So, essentially, cable news networks have to spend more of their time doing everything they can to carve out an audience than they do informing their viewers. CNN made cable news big shit during the first Gulf War, when everyone was watching smart bombs fall down a chimney. Several years later, Fox News blew away the competition and showed everyone else the sort of profits that could be made in the cable news business.

And pretty much everything has suffered since then.

So I’m going to start a three-part (not necessarily consecutive) piece, taking a look at the three main cable news networks: Fox News, MSNBC, and CNN.

We’ll start with the big boys over at Fox. I’d say it’s because they’re the biggest, but it’s mostly because they’re the nuttiest and I can’t imagine how people take them seriously.

It's okay. They can take a punch.

The Players:

We’re just going to focus on a few big names over there, because if I were to write about all of them I’d need an entire book. Names like Neil Cavuto, John Gibson, Steve Doocy, Gretchen Carlson, and Michelle Malkin won’t be making the list. Neither, sadly, will Rupert Murdoch (again, deserving of an entire book in his own right). If you’re curious about any of them, or others at Fox, a little research goes a long way.

Now, onto the festivities. (A little note, first: All of the examples of lies, bias, or just plain weirdness I show here are only -some- of those that exist. Each subject could probably have a book written about them too, and some already do.)

Sean Hannity

This guy LOVES America.

Sean Hannity is a patriot, and if you don’t have the same vision of America that he does, than you’re fucking not. Sean is your prototypical ultra-conservative. He’s never taken a stand that wasn’t one-hundred percent right, and if you ever disagreed with him, you were one-hundred percent commie. Or Nazi. Or maybe you were just high at the time, or were born with fewer brain cells than the enlightened. Point being, if you weren’t on his side, you were on the wrong side of history, my friend.

Of course, Sean’s vision of America tends to blur the facts every now and again. But, hey… that’s the price for loving one’s country, right?

He likes to question people in such a way that they either have to agree that his totally skewed characteristic of their view is right, or disagree and damn whatever larger political figure Sean is linking them to with his analysis. I think he gets off on preparing for interviews, actually, and you can see that in his frustration when one doesn’t go the way he wants it to.
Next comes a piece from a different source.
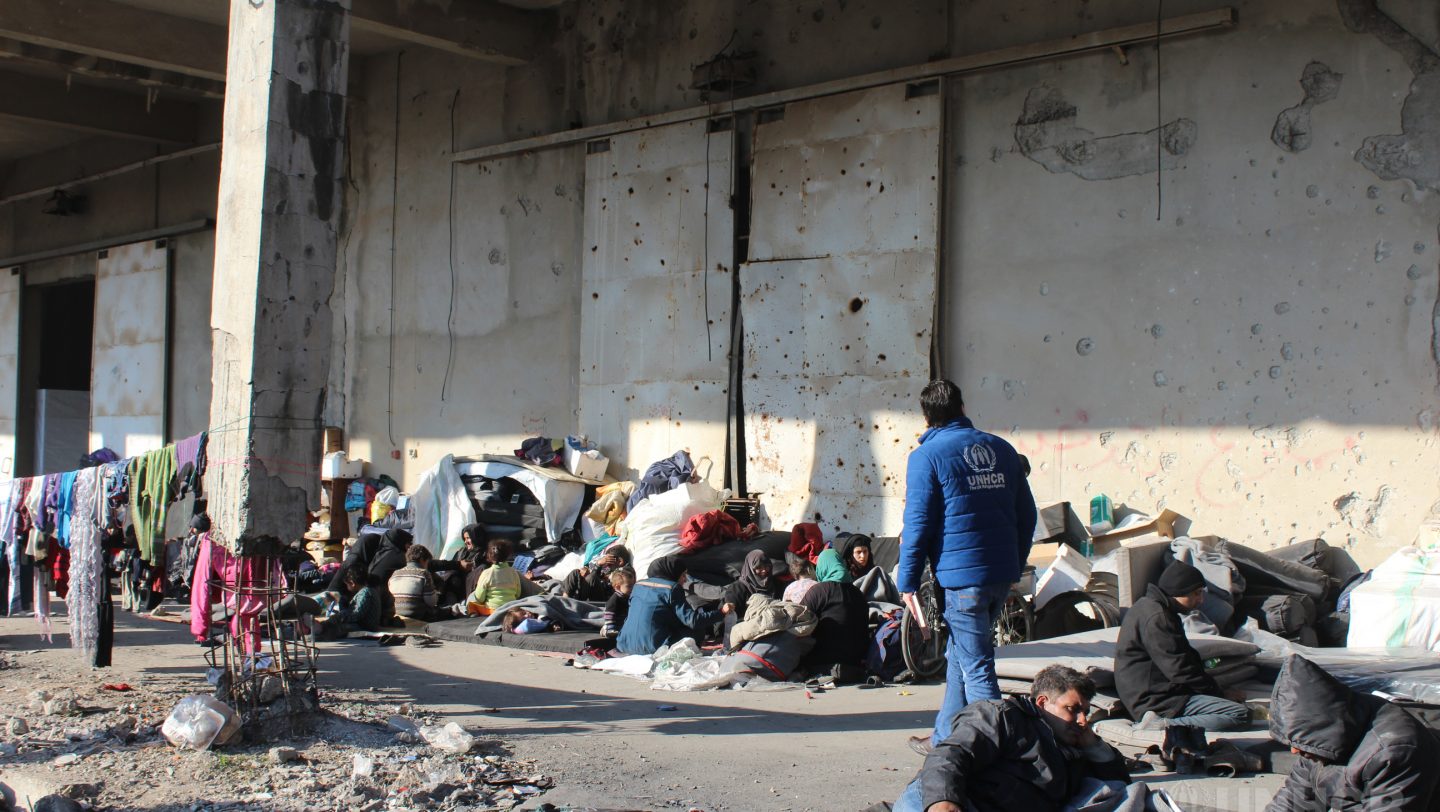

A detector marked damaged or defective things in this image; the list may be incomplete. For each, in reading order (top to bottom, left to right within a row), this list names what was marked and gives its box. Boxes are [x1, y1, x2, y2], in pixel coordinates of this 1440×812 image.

damaged concrete wall [335, 49, 578, 480]
damaged concrete wall [944, 0, 1440, 564]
But, hey. Hannity cares about the lesser folks, too. He’s heavily involved with a charity called “Freedom Alliance”, so that’s a pretty swell thing, huh? Problem is, it gets a pretty mediocre rating from Charity Navigator, and awful ratings from other charity rating systems. It’s not crooked, just bad at getting money to people that need it.

He also lies about things. A lot. It’s kind of a problem. I’d say he’s working on it, but he mostly just does it more and more as he keeps getting away with it.

Glenn Beck

This is the face of Truth.

Where do you really start with this guy? Well, first I think it’s important to note that he worked for CNN before Fox, so he’s a real veteran of the cable wars. And being one of the very few high-profile fence-jumpers seems to have done strange things to Glenn’s psyche.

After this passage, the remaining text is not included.